Al riguardo, alcune parole chiare arrivano anche da Nichi Vendola. A chi gli chiede, forse per la centesima volta, se non ci sia il rischio di isolarsi e di chiudere le porte, preparando un congresso nel segno del pensiero critico e del conflitto sociale, il padre nobile di Si risponde: «Le porte devono essere prima di tutto aperte alla società. Noi dobbiamo guardare con molto interesse al dibattito interno al Pd, alle rotture, all’implosione. Ma ricordandoci che il mondo è molto più ampio del Pd. Quella è una cosetta. Poi fuori ci sono i giovani, il fronte largo che ha votato No al referendum che ha mandato un messaggio molto chiaro. Noi siamo qui per ricostruire un’alternativa. Altrimenti la destra farà il pieno».
Nella relazione introduttiva, Fabio Mussi chiarisce: «Vogliamo essere un partito autonomo e radicale, cioè che va alla radice delle cose. Perché radicalismo non è il sinonimo di estremismo, piuttosto è vero il contrario. Quanto all’autonomia, noi vogliamo pensare con la nostra testa». Poi un’annotazione sullo stato delle cose: «La crisi può andare a destra, e penso a Trump, oppure a sinistra. Perché quelle di destra e sinistra non sono categorie derelitte. Dire che non esistono più, come leggo e ascolto ormai da anni, è una bufala. Come si dice oggi una post-verità». Infine uno sguardo alla deriva degli ex compagni che hanno fondato il Pd: «E’ passata l’idea che la sola sinistra che può governare è quella che si fa centro. Una tesi che ha provocato una catastrofe culturale». Non soltanto culturale, segnalerà Landini.

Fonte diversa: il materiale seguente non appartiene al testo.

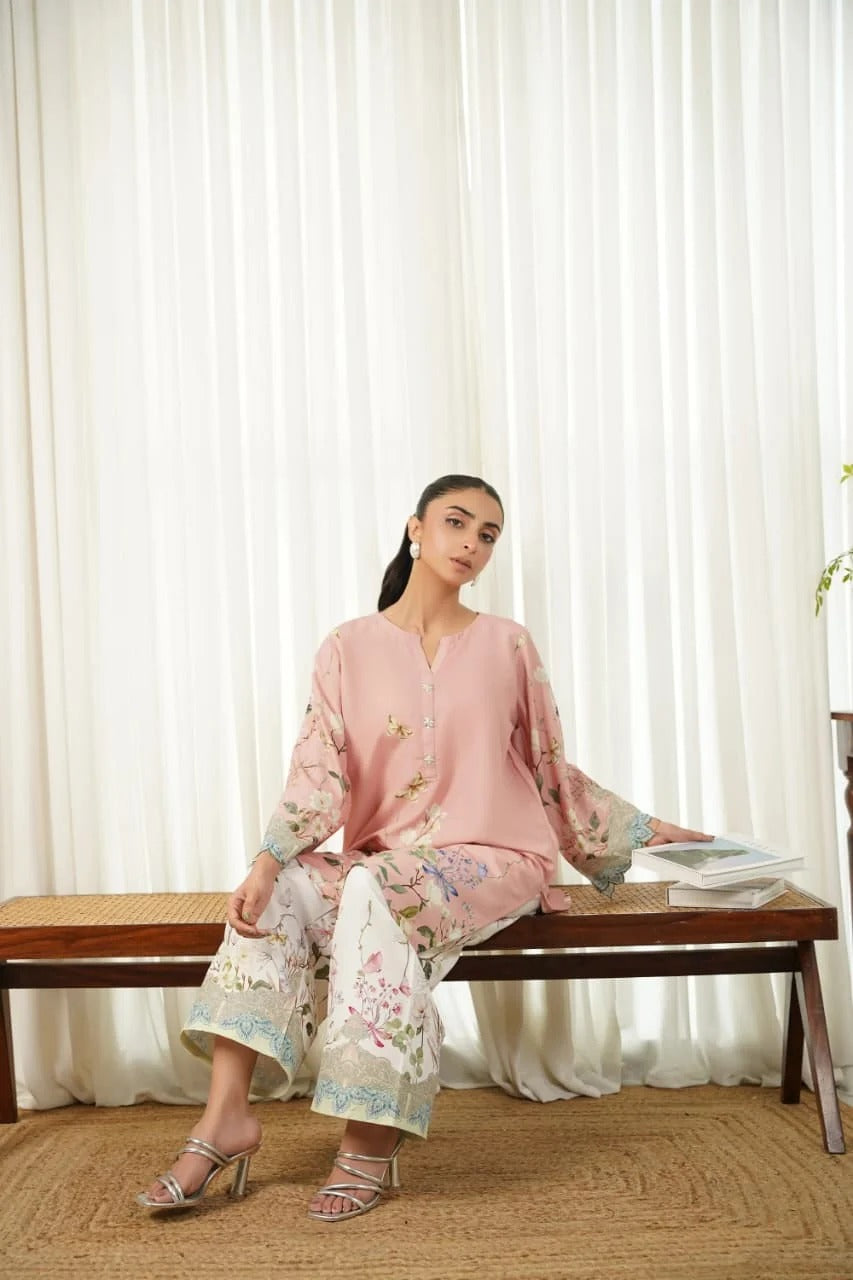 Pink Digital Printed Doria Lawn 2-Piece Co-Ord Set for Women | Ready-to-Wear Summer Outfit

Nell’auditorium del Palacongressi riminese intanto è tornato un po’ di rosso, nelle scritte sui cartelli come negli sfondi per le interviste. Sul palco, accanto al leggio, c’è un giovane pianista che sottolinea le presentazioni fra un intervento e l’altro degli ospiti e dei delegati. Dopo la relazione di Mussi, i 680 delegati ascoltano i saluti del Ps nenciniano, dei Verdi, del Pcdi con il segretario Alboresi. Anche di Rifondazione, con Maurizio Acerbo, e dell’Altra Europa con Tsipras, con Massimo Torelli. Pronti, questi ultimi, a ricordare il lavoro positivo fatto fianco a fianco, sia nella campagna elettorale delle europee, che in quella referendaria, lunghissima, che ha portato il 4 dicembre a una vittoria «che non deve essere trascurata né va dimenticata, perché è l’esempio di come si può lavorare assieme sulle cose concrete».
Del Pd, non c’è nessuno. Oggi porterà il saluto del partito il vicepresidente Matteo Ricci, sindaco della vicina Pesaro. Chissà cosa avrebbe commentato, ascoltando Landini: «Il mercato e l’impresa hanno la loro rappresentanza, chi lavora non ce l’ha. Allora per ricostruire la sinistra c’è una precondizione: dobbiamo tornare a unire quelli che lavorano che oggi sono divisi, frammentati, precari. Tutti con una gran paura di perdere il loro lavoro, anche nelle aziende metalmeccaniche. Su questo serve una rottura. Dobbiamo ridare speranza, e dire che insieme si può lavorare per migliorare la propria condizione». Tutti insieme, perché «il problema è dove andiamo domani, non dove tu, o lui, eravate ieri».